This is the same for the Black Arts movement. Sculptor Augusta Savage, writer Langston Hughes, Emile Capoya, Marian Anderson, Mahalia Jackson, all stem from struggle, all depict struggle, for, the Black Arts Movement would be a synthesis of the tradition and civilization of black people that is grounded on fundamental values of America as well as black folk specifically. It is a distortion and a whitewashing of this fact that creates the writer James Baldwin to be just a gay writer when he is a man of values that are comprehensive, or ignore the contribution of Dr.WEB Du Bois’s life to be rather understood as a black writer who attempted to become white. Instead it is the responsibility to know these culture bearers as they would be placed in history as fighters for peace and justice, as men and women striving for better civilization. This is of the utmost importance. If we have a true understanding of them, we can remember who America really is. We can understand ourselves by an honest understanding of these figures, and be able to create as artists are able to do; but more importantly, allow people relief, and have a revitalization of the soul.

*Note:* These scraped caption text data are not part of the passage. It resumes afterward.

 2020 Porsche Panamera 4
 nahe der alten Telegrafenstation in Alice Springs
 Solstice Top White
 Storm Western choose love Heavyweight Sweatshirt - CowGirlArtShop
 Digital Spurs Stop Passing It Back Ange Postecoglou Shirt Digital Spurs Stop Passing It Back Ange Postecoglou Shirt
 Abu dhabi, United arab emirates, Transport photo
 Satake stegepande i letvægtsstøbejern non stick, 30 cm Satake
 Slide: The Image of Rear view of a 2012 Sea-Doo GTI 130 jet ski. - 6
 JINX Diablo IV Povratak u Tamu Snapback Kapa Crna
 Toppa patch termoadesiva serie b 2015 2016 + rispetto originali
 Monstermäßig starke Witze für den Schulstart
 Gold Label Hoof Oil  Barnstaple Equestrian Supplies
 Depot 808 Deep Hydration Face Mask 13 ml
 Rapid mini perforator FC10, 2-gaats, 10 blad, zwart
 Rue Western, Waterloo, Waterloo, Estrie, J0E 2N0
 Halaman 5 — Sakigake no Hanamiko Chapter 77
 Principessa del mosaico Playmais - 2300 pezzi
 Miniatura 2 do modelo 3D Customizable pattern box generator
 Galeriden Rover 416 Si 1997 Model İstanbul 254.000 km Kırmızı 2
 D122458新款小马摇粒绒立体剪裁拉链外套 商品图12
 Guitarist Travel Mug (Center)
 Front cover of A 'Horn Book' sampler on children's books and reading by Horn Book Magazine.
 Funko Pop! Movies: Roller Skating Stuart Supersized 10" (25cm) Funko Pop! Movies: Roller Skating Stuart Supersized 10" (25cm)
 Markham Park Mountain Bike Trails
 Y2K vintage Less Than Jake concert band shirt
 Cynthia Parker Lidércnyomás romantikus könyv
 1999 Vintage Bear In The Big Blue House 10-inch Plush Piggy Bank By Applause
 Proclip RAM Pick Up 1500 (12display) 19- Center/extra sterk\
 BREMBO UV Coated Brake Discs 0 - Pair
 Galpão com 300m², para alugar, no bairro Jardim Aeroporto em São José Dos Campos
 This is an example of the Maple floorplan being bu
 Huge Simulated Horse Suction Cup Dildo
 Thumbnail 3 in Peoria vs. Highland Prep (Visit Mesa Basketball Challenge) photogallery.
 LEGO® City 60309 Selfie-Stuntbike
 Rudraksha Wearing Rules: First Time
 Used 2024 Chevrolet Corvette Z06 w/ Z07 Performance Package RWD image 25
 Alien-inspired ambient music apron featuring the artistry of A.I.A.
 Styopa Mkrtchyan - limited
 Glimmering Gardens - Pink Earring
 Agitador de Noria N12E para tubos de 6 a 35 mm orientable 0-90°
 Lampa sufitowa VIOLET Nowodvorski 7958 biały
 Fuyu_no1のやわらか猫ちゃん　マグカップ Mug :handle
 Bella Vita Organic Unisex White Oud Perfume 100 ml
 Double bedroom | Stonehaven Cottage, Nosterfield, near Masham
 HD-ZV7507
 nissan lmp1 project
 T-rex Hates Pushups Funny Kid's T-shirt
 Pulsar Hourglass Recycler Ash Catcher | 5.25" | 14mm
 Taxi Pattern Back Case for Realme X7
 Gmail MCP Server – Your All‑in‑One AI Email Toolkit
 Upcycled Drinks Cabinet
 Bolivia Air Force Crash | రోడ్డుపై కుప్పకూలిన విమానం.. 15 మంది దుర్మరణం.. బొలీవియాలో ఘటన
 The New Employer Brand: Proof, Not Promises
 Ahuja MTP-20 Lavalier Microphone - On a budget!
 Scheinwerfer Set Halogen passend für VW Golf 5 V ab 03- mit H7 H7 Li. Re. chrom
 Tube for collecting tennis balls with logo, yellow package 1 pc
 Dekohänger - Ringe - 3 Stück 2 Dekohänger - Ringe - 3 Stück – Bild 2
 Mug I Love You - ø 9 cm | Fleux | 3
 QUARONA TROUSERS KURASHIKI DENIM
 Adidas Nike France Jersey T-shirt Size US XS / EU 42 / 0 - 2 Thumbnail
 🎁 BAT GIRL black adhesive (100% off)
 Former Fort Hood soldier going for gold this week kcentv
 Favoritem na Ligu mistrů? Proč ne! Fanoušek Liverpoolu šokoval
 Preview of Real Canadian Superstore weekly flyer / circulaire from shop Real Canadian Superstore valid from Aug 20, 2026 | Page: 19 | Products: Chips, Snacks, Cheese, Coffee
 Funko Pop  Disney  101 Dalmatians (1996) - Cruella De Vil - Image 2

These artists who are lost to the present generation like painters Charles White and Norman Lewis, Romare Beardon and Aaron Doulas; singers like Nina Simone, Aretha Franklin, Mahalia Jackson, Marian Anderson, the Temptations — They could be taken seriously and loved; if we truly knew them, and wanted to know from whence they came. To move forward as human beings, we must learn from our past. The theater would rock, alive with the human need to express ideas of man and democracy. Painting would be alive and narrate the stories of old to the young. Music would reconcile life and press on with love as its driving force. Writing would be precognitive, and Science would, too. Education would be the foremost mission of democracy in the United States instead of war and profit, because life would be extended to the Immortal child, and as Du Bois writes we would be living in a life world that would “seek not to make men carpenters but to make carpenters men”. Men would have a reason to live and their children would have a purpose and future.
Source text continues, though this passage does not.